[Stored entries]
=== Begin Enclosure ===
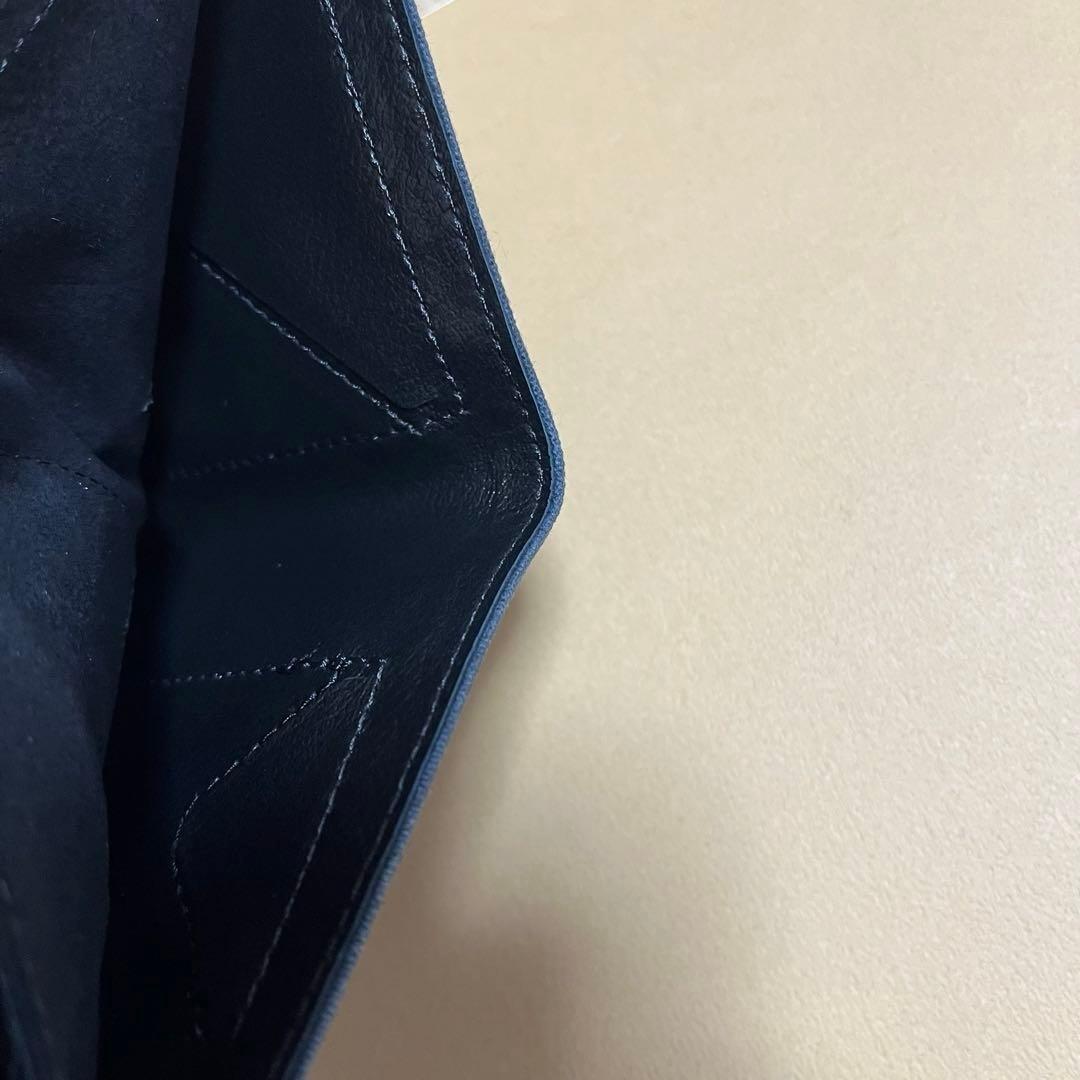 【新品未使用】日本製 SOLA Tenuis3 二つ折り財布/Blue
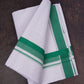FD-155 W/D DHOTI 4.00 MTR-Dark Green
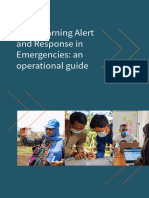 Early Warning Alert and Response in Emergencies: An Operational Guide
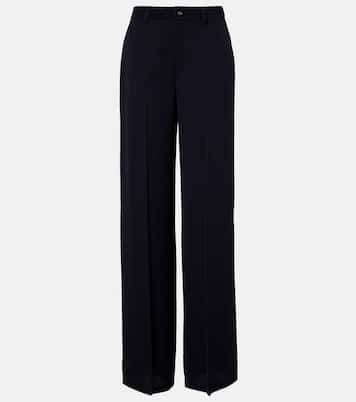 Weite Mid-Rise-Hose GG | Gucci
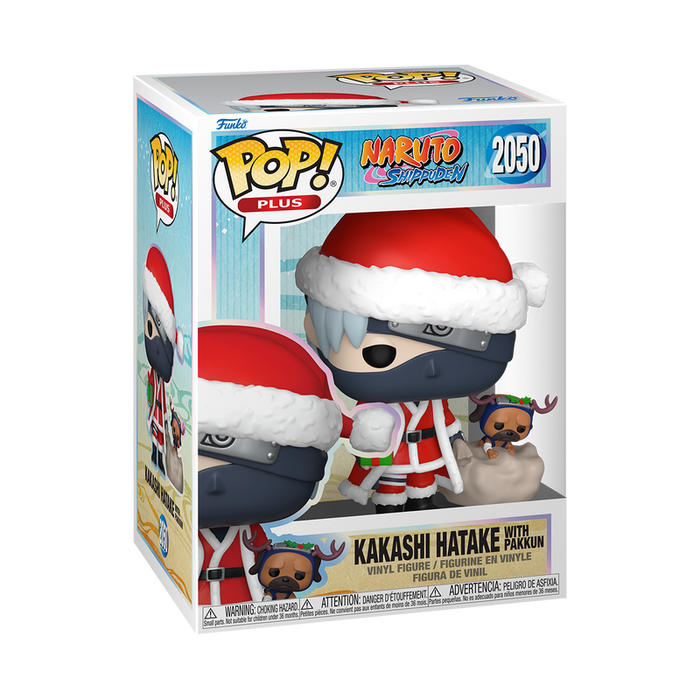 Funko Pop Plus: Naruto Shipudden Holiday - Kakashi y Pakkum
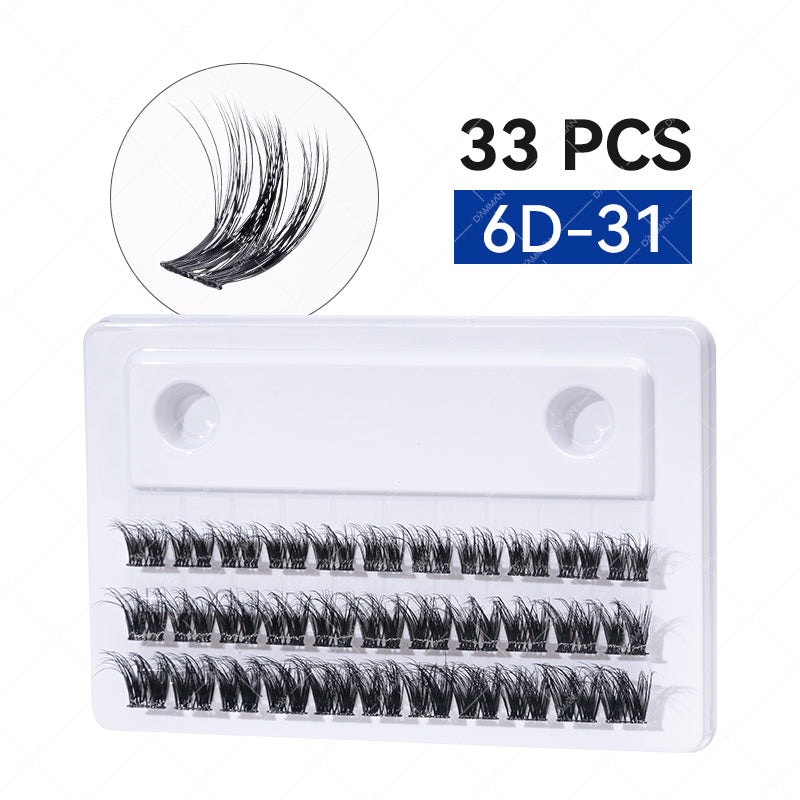 Damman 6D DIY Cluster Lashes 3 Rows (only lash)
=== End Enclosure ===
Task description ▸
The entries should be printed again exactly as written, leaving all pictures out.

Written answer ▸
 【新品未使用】日本製 SOLA Tenuis3 二つ折り財布/Blue
FD-155 W/D DHOTI 4.00 MTR-Dark Green
 Early Warning Alert and Response in Emergencies: An Operational Guide
 Weite Mid-Rise-Hose GG | Gucci
 Funko Pop Plus: Naruto Shipudden Holiday - Kakashi y Pakkum
 Damman 6D DIY Cluster Lashes 3 Rows (only lash)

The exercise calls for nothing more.